Personal information
- Full name: Serhiy Serhiyovych Zayets
- Date of birth: 3 October 2001 (age 24)
- Place of birth: Kyiv, Ukraine
- Height: 1.75 m (5 ft 9 in)
- Position: Defender

Team information
- Current team: Podillya Khmelnytskyi
- Number: 22

Youth career
- Dynamo Kyiv
- 2013–2014: Zirka Kyiv
- 2014–2018: Dnipro

Senior career*
- Years: Team / Apps / (Gls)
- 2018–2019: Dnipro / 18 / (0)
- 2019–2022: Dnipro-1 / 1 / (0)
- 2021–2022: → Nikopol (loan) / 19 / (0)
- 2022–2023: Skoruk Tomakivka / 16 / (0)
- 2023–2024: Ahrobiznes Volochysk / 30 / (1)
- 2025–: Podillya Khmelnytskyi / 13 / (0)

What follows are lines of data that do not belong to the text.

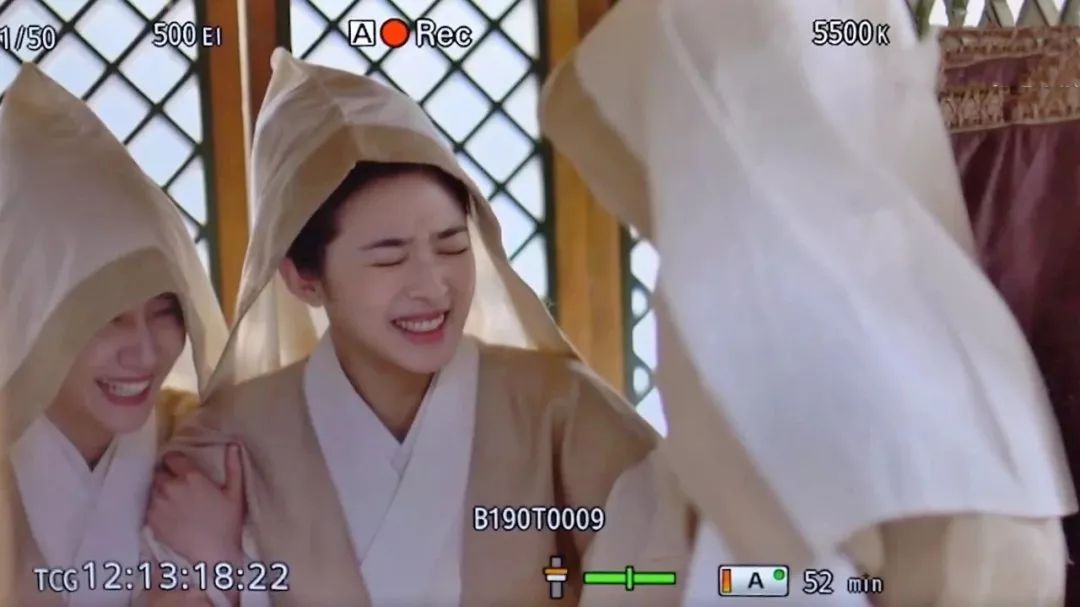 撞脸迪丽热巴的她为什么没火起来,撞脸赵丽颖被骂滚出娱乐圈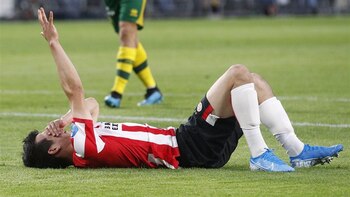 Lozano tuvo que salir debido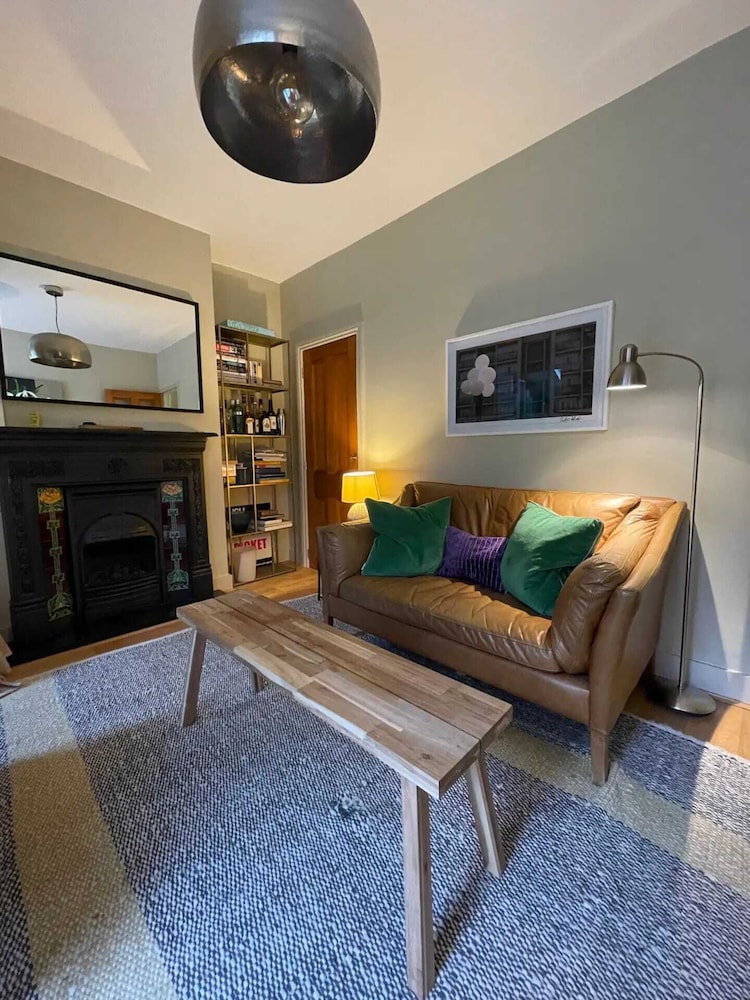Beautiful & Cosy 2BD House - Southwark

= Serhiy Zayets (footballer, born 2001) =

Ukrainian footballer

Serhiy Serhiyovych Zayets (Сергій Сергійович Заєць; born 3 October 2001) is a Ukrainian professional footballer who plays as a defender for Podillya Khmelnytskyi.

==Career==
Zayets is a product of the Dynamo and Zirka youth sportive schools in his native city Kyiv, and also of the Dnipro youth sportive school and in July 2019 he signed a contract with Ukrainian side SC Dnipro-1 and played for its in the Ukrainian Premier League Reserves and Under 19 Championship.

In December 2020 he was promoted to the main squad to play in the Ukrainian Premier League. Zayets made his debut in the Ukrainian Premier League for SC Dnipro-1 as a second-half substituted player on 6 December 2020, playing in a losing away match against FC Zorya Luhansk.